Il nome di Sammaritano viene a galla dall’analisi dei pizzini ritrovati nel covo di Bernardo Provenzano, nel 2006. In quel caso era il boss Salvatore Lo Piccolo a chiedere un aiuto per lavorare con “Sammaritano del Cedi Sisa di Carini”. Sammaritano, in seguito, patteggerà una condanna per favoreggiamento per non aver mai confermato di pagare il pizzo come invece sarebbe stato dimostrato dalle indagini.

A legare le imprese di Sammaritano ai boss sarebbero poi una serie di intercettazioni e alcuni investimenti a Castelvetrano. Secondo l’accusa nella Sicilporodest srl, una delle società di Sammaritano che adesso sono state confiscate, era interessato anche Salvatore Abate, inquilino del cognato di un latitante.

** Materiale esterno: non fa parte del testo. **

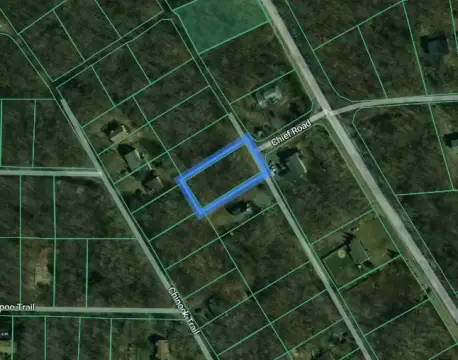 Wooded Vacant Lot in R1 Area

La confisca oggi è scattata, oltre che per la Sicilporodest, anche per la Fratelli Sammaritano srl, con sede nella zona industriale di Carini, per le società palermitane Angelo Sammaritano srl e Max Gross che vendono, all’ingrosso e al dettaglio, profumi, casalinghi e detersivi. Sigilli anche per il 50 per cento della Gs Distribuzione srl e per numerosi terreni a Partinico. Confiscati pure alcuni appartamenti a Palermo in svariati quartieri dalla zona popolare di via Tommaso Aversa, fino a quella residenziale di via Belgio, una villa a Trappeto, tre case a San Vito Lo Capo, una Mercedes, un’Audi e denaro in vari rapporti bancari e finanziari per sette milioni di euro.